***** Excerpted records *****

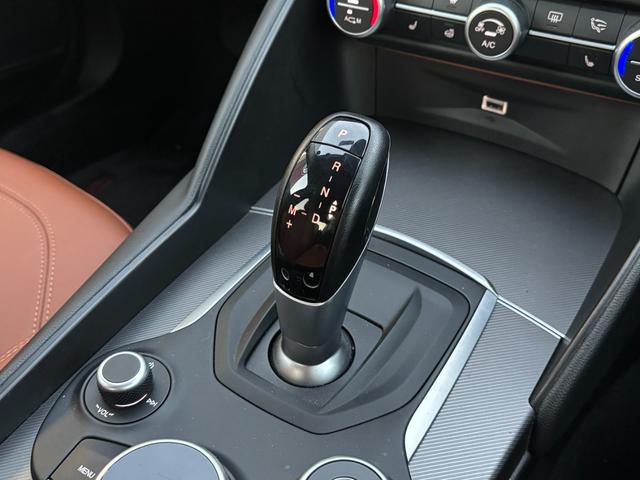 ジュリア ヴェローチェ 電動ブラウンレザーシート Carplay アダプティブクルーズコントロール ステアリングヒーター シートヒーター パドルシフト Bluetooth接続 純正アルミホイール スマートキー ETC(15枚目)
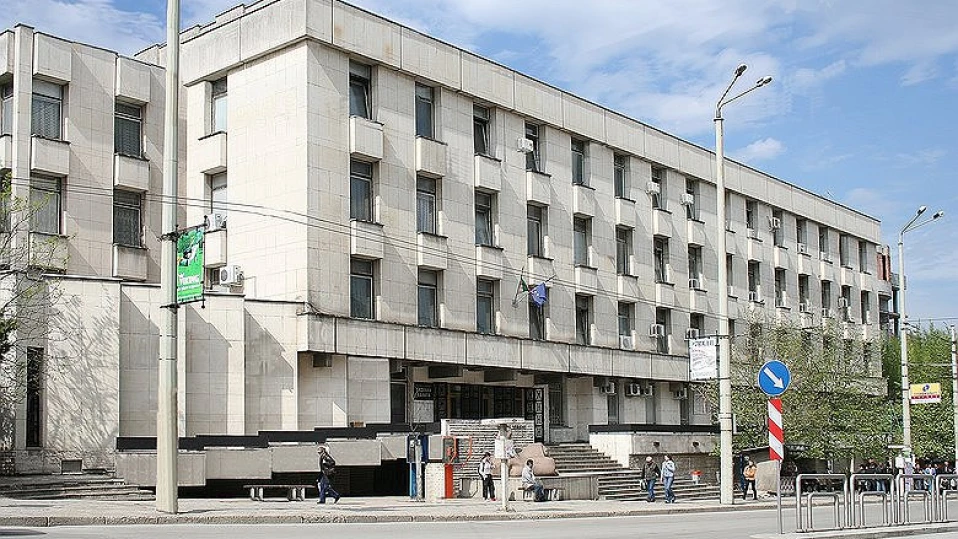 Постоянен арест за мъж, опитал да убие нидерландски гражданин с мачете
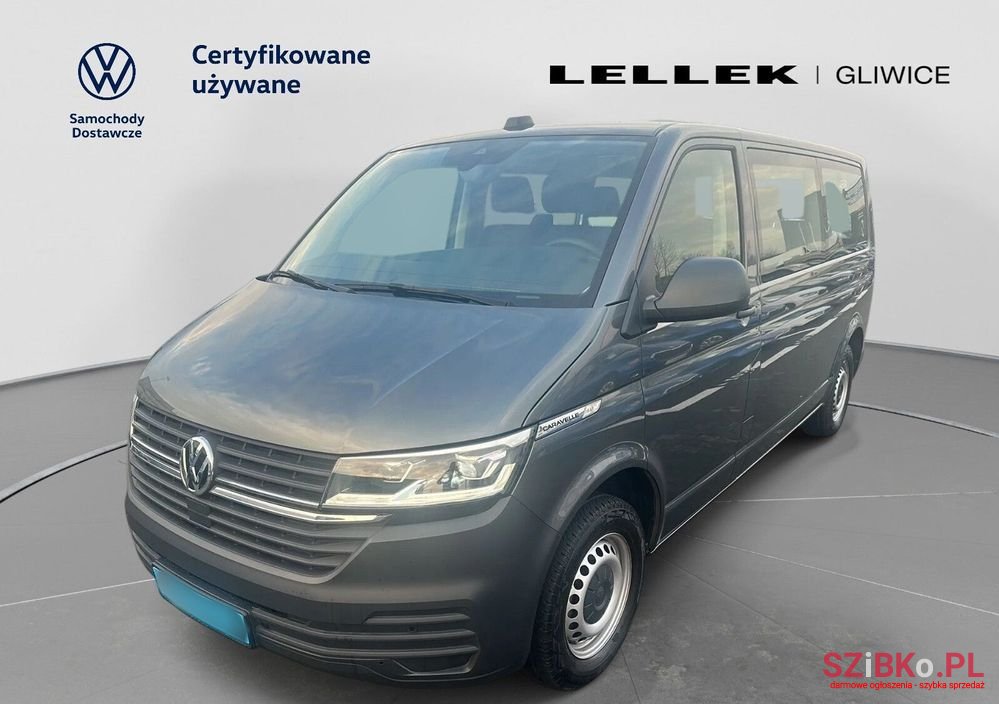 2023' Volkswagen Caravelle photo #1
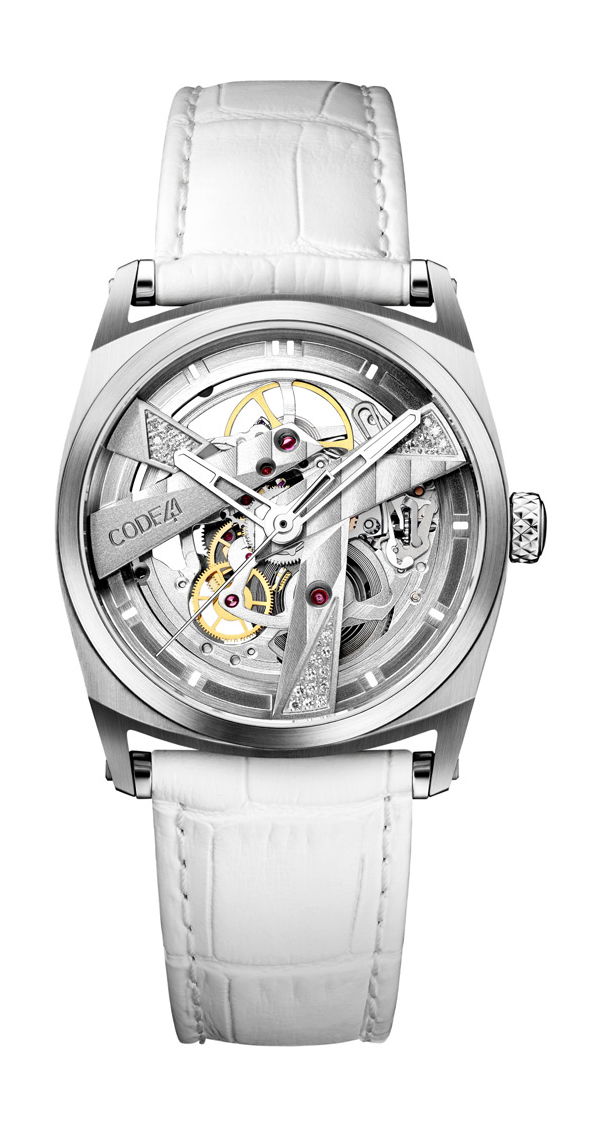 CODE41 DAY41 37mm Diamonds luxury timepiece - detailed view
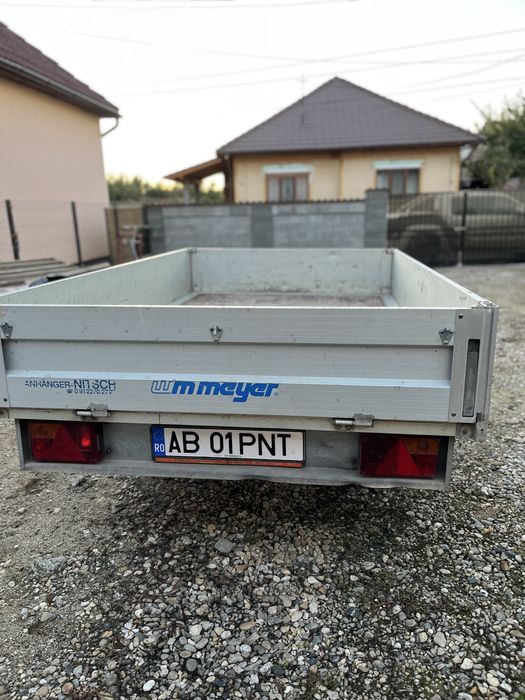 Vand remorca 1300 kg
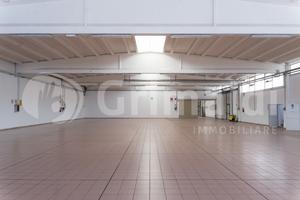Capannone Industriale Barletta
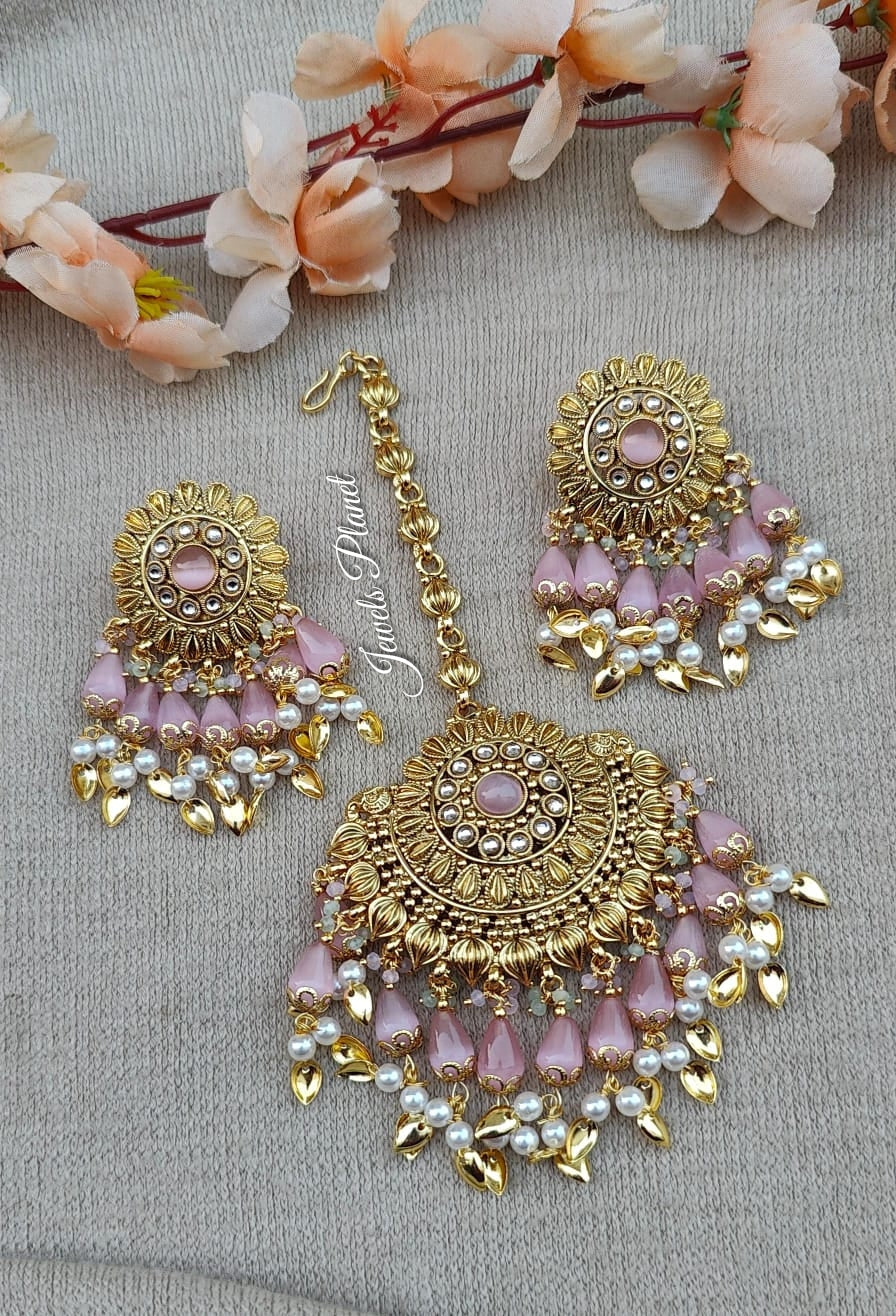 Amandeep Gold Earrings Tikka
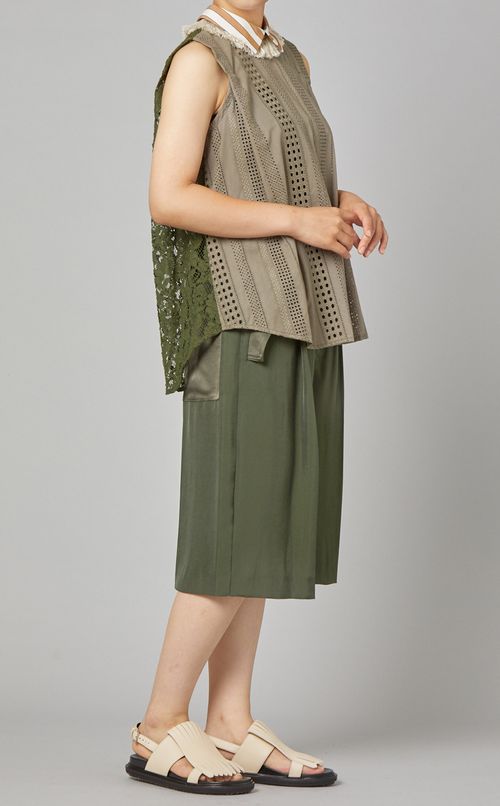 レースノースリーブブラウス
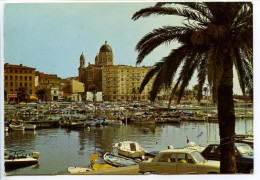 CPSM  10.5 X 15 Var SAINT RAPHAEL  Le Port  La Cathédrale - Saint-Raphaël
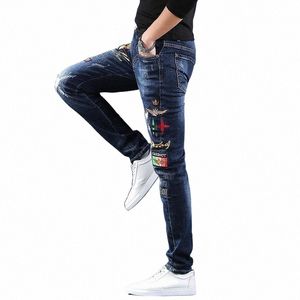 2022 Men's Embroidered Jeans Men's Pencil Pants Brand Slim Casual Small Feet Ripped Hole Trend Pants Autumn Winter Trousers Q7Wq#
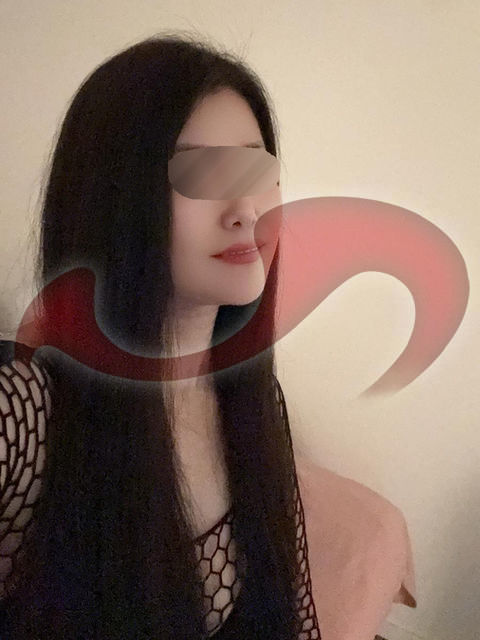 Girls | Models | Callgirls: Bild Momo in Wien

*****

Your assignment →
Copy exactly, and only, the lines from the first entry through the line holding "Vand remorca 1300 kg", both ends included, leaving out every picture.

Written response →
 ジュリア ヴェローチェ 電動ブラウンレザーシート Carplay アダプティブクルーズコントロール ステアリングヒーター シートヒーター パドルシフト Bluetooth接続 純正アルミホイール スマートキー ETC(15枚目)
 Постоянен арест за мъж, опитал да убие нидерландски гражданин с мачете
 2023' Volkswagen Caravelle photo #1
 CODE41 DAY41 37mm Diamonds luxury timepiece - detailed view
 Vand remorca 1300 kg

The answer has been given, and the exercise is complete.